La luz de Dios
La premisa de La oscuridad (Vanishing on 7th Street, 2010) era a priori atrapante: un grupo de hombres y mujeres sobreviven a un apagón instantáneo que acaba con gran parte de la población. Sin embargo, lejos de la coherencia o de una declarada opción por la ausencia de explicaciones como elemento de perturbación, Brad Anderson abunda en chapucerías que empantanan al film en el terreno de la alegoría religiosa.
La ciudad de Detroit vivía la rutina diaria. Pero un apagón de tensión literalmente evapora a gran parte de la población, dejando apenas un puñado de sobrevivientes (Thandie Newton, Hayden Christensen, John Leguizamo, entre otros) desperdigados por la ciudad. De esta forma, sin saber exactamente los por qué ni los cómo de la situación, el grupo descubre que la muerte arrasa cuando llega la temida oscuridad.
¿Qué haría uno si de buenas a primeras un bajón eléctrico finiquita a la humanidad? Bueno, los protagonistas de La oscuridad no hacen nada. En realidad sí, pero con la naturalidad y parsimonia de quien no magnifica lo sucedido. Esa forma de proceder, junto con la apuesta por la no explicación, le da un aire profundamente enrarecido al film, perturbador. Hasta que el grupo empieza a conglomerarse en el bar, y ahí sí, se acabó lo que se daba.
La ubicación geográfica y circunstancial del film remiten a un misterio sobrenatural. No hay que esforzarse demasiado para trazar un paralelo entre esta oscuridad que acorrala a los supervivientes y aquella niebla que hacía lo propio con empleados y clientes de un supermercado en el film homónimo dirigido por Frank Darabont. La diferencia entre ambas, entonces, no está en el significante, sino en el significado.
Pero en ese caso operaba casi un McGuffin. Al fin y al cabo, su presencia latente e inexplicable se corría del eje central que ocupaba durante la primera mitad del metraje para develar la auténtica esencia del film: la miseria humana, la impaciencia y la falta de tolerancia. No es casual, entonces, que ni siquiera se explique de qué se trataba todo el fenómeno ¿meteorológico?. Justamente ahí radica el encanto de La Niebla (The mist, 2007).

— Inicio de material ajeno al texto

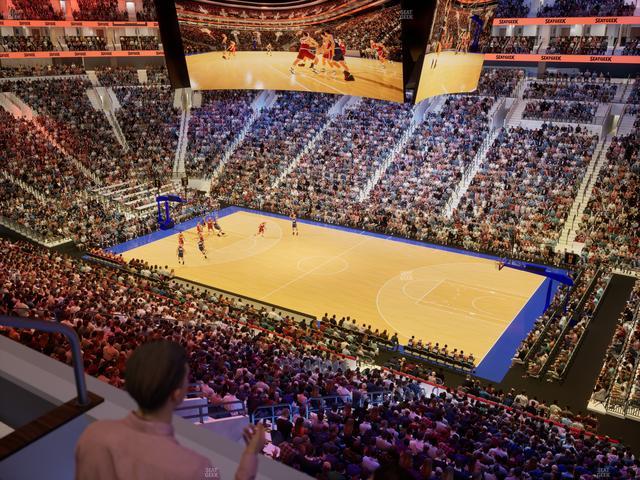 Xfinity Mobile Arena - Section Suite 36 Seat View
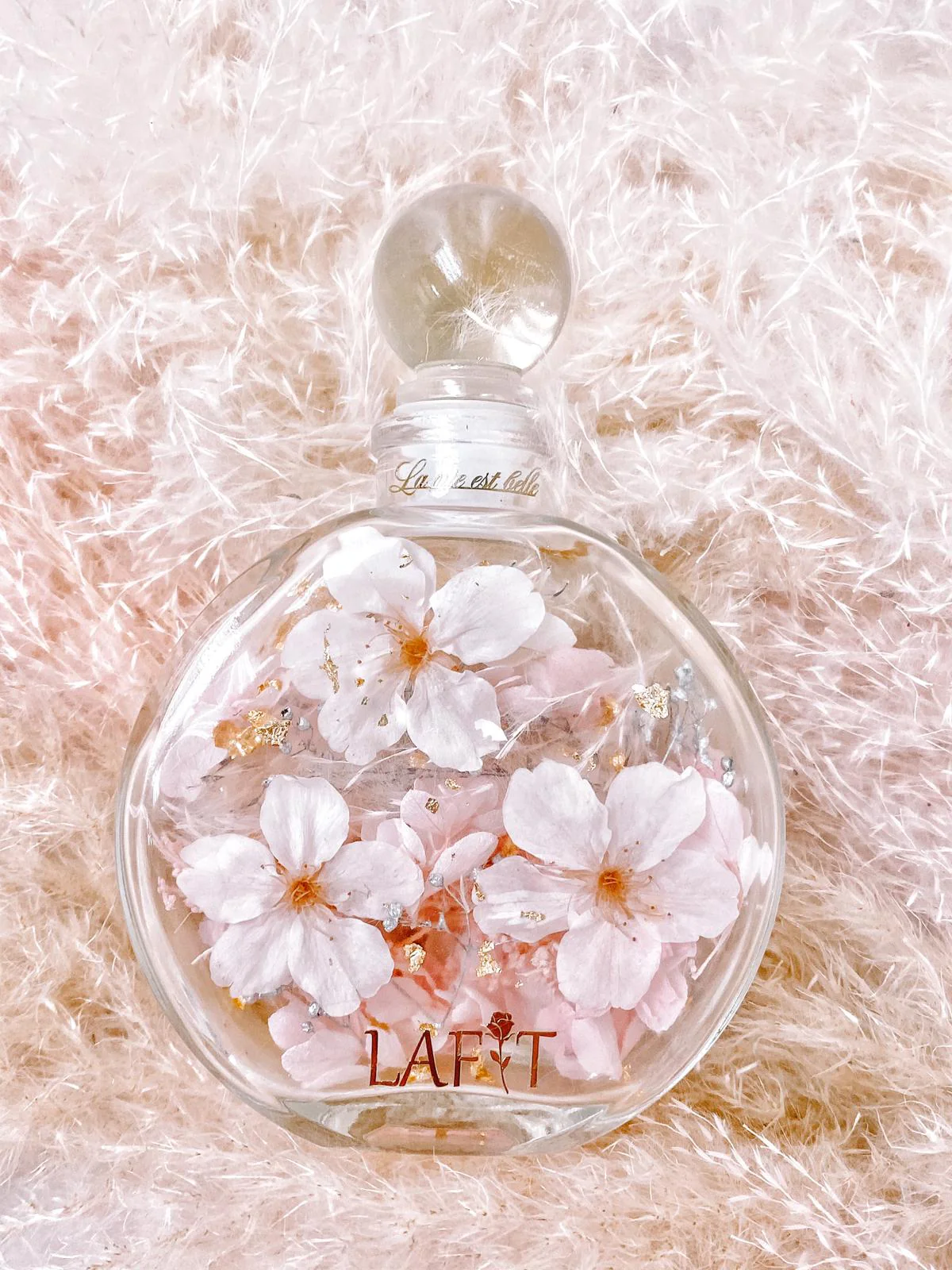 LAFIT 夢幻仙氣永生花藝擺設 · Sakura Fairy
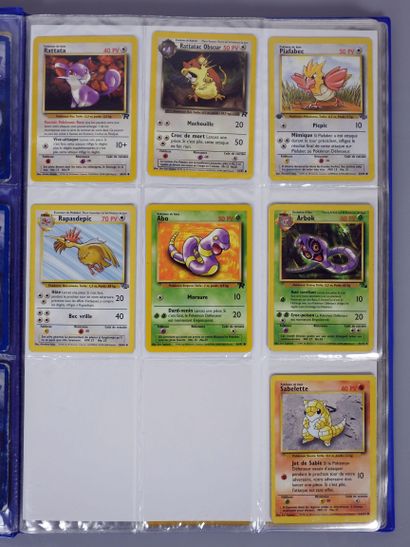 null BLOCK WIZARDS

Binder containing a collection of about 150 cards (energies not...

Aquí ocurre algo similar, solo que el director de El maquinista (The machinist, 2004) choca con la encrucijada de usar la oscuridad como alegoría o mera excusa argumental y opta por lo primero.
El último tercio del film borra con el codo los climas y vacíos previamente generados. La muerte como símbolo de castigo, la redención y la culpa son los platos principales de un menú cuya entrada hacía suponer lo contrario.